Bei einer Reihe von Änderungsvorhaben gab es Kritik an der knappen Frist bis zum Inkrafttreten. Denn auch wenn alles glatt gehe, werde der Gesetzentwurf erst im Herbst vom Bundestag und vom Bundesrat verabschiedet, um dann schon zum Jahreswechsel wirksam zu werden. Die Vertreter der Bundessteuerberaterkammer und von Wirtschaftsberatern mahnten, für die Beratung der Kunden, aber beispielsweise auch für die Umstellung der Software bei den Steuerpflichtigen verbleibe zu wenig Zeit.

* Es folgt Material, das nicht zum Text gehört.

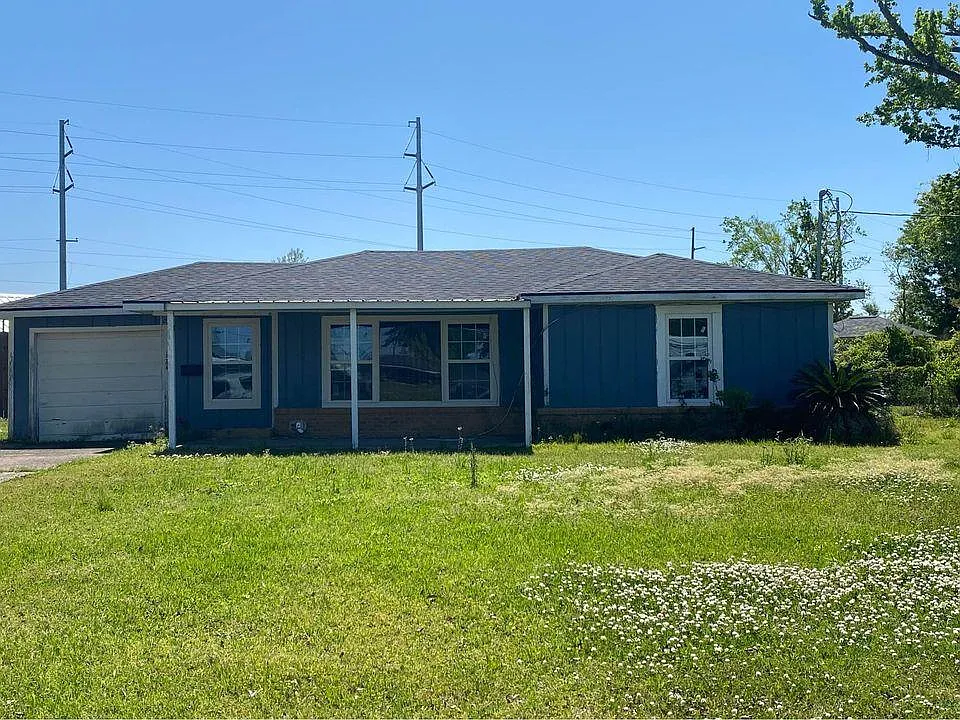 1306 Continental Blvd — Photo 1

Zu den weiteren strittigen Punkten gehörte die Frage der Umsatzbesteuerung von Einnahmen der Öffentlichen Hand, die u.a. der Deutsche Städtetag als Vertreter der kommunalen Spitzenverbände problematisierte. Die Regelung in der jetzt geplanten Form führe zu einer großen Unsicherheit bei Gemeinden, ob auf unterschiedlichste Einnahmen bis hin zu Parkgebühren künftig Mehrwertsteuer fällig werden könnte.

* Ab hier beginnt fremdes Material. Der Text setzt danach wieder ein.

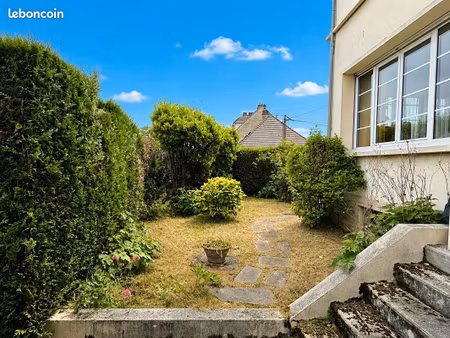 maison 8 pièces 178 m²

Ein besonders heftig kritisierter Punkt in dem Gesetzentwurf war eine geplante Neuregelung, nach der Gemeinden, auf deren Gebiet Windkraftanlagen oder Fotovoltaik-Anlagen stehen, dafür Gewerbesteuer erheben dürfen, auch wenn der Betreiber in einer anderen Gemeinde seinen Sitz und die dazugehörigen Arbeitsplätze habe. Als Bemessungsgrundlage für die Besteuerung soll die "Summe der installierten Leistung" gelten. Der Vertreter der Deutschen Steuer-Gewerkschaft nannte dies einen "außersteuerlichen Begriff" und die Regelung für Finanzämter nicht handhabbar. Kritik kam aber auch vom Deutschen Städtetag. Sinn der Gewerbesteuer sei es, einen Ausgleich für Ausgaben zu schaffen, die einer Gemeinde durch die vorhandenen Arbeitsplätze entstehen, beispielsweise für den Öffentlichen Personennahverkehr und für Bildungseinrichtungen.